Of course, if you look at the temple with earthly eyes, you see a broken-down old shed, or a ramshackle hut. You see shaky foundations and crooked walls, a leaky roof and windows that catch a draft. The temples of our bodies wear out and break down with disease and death. An honest look at ourselves shows we are far from the majestic palace that God deserves, our hearts unfit as a sanctuary for the Lord of creation to call home. Yes, these bodies are temples defiled by sin.

Or if you look at us all together, again you would see the same. We are an imperfect gathering of imperfect people. No Christian church is without sin and flaw and conflict and struggle. Even our own Lutheran Church-Missoui Synod suffers from internal divisions as we wrangle over the direction we should take as a church body. No, if we look at individuals, if we look at churches, or if we look at the church as a whole through earthly eyes, we see a dwelling that is shaky at best, and crumbling or even collapsed at worst.

How then do we understand Jesus promise, “on this rock I will build my church, and the gates of hell will not prevail against it”? How can we be a holy nation, a royal priesthood, a chosen race, living stones built up into a great and mighty spiritual house? With man, of course this is impossible. But man is not the builder, God is.
He lays the chief cornerstone, Jesus Christ. And here we focus our attention. For in Christ, we have honor. By Christ we are part of the house. Through Christ we receive mercy. With Christ, we come from darkness to light.
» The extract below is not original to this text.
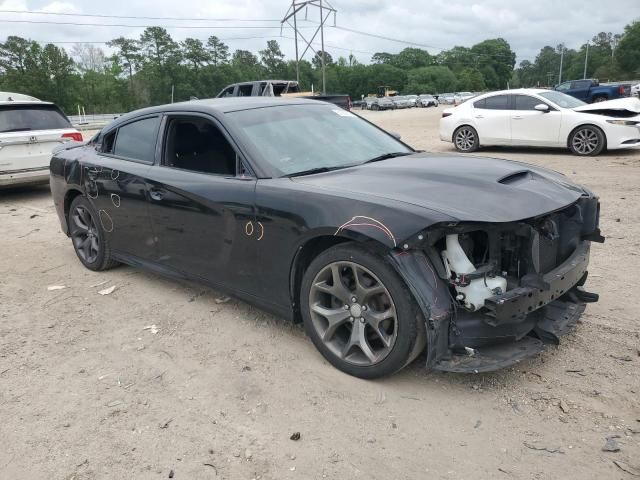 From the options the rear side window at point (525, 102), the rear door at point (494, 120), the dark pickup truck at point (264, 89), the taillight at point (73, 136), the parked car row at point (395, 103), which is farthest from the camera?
the parked car row at point (395, 103)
Without Christ, the whole thing would come crashing down. But with him, and in him, this marvelous construction called the church is built to stand the test of time, and even the test of eternity.

Oh the earthly temple of the Old Testament was torn down. When the Romans came in 70 A.D. It was destroyed, never to stand again. What remains of it today is a crumbling western wall – and faint hints of its former glory.

But remember what Jesus said? “Tear down this temple and I will rebuild it in three days”. He wasn't talking about the stone columns of Herod's temple. He spoke of his own body – a temple which was destroyed in death on the cross. A temple which bore the sins of the world and destroyed them there – your sins and mine. But a temple which was rebuilt when God raised him from death on Easter morning, in a glorified body over which death has no power ever again.

And so in Christ we see a deeper reality than the shoddy construction of this world. We see beyond our own individual temples, and even beyond the imperfect church on earth. In Christ we see the construction of a spiritual house called the church, a universal and timeless gathering of people made holy by the blood of the lamb.

It is a construction, like St. John the Unfinished, which goes on. Through his word and by his sacraments God daily adds to the number of living stones in his church. And he also strengthens and builds us up, we who are part of the building already. When a child is baptized, another stone is laid. When a sinner repents, another stone is laid. When you hear and believe, the construction continues on God's holy eternal temple called the church.

But it is a construction, which one day will be complete. In fact, Jesus is already preparing a place, building mansions if you will, for his people in heaven. In our Gospel reading we have that powerful promise. A place prepared for all his people, a place prepared for you. Where the living stones of the church will dwell in the house of the Lord forever. For he who has begun a good work in you will bring it to completion on the day of our Lord Jesus Christ. Living stones – together forever, alive forever, in Jesus Christ, who lives and reigns with the Father and the Holy Spirit, one God, now and forever, Amen.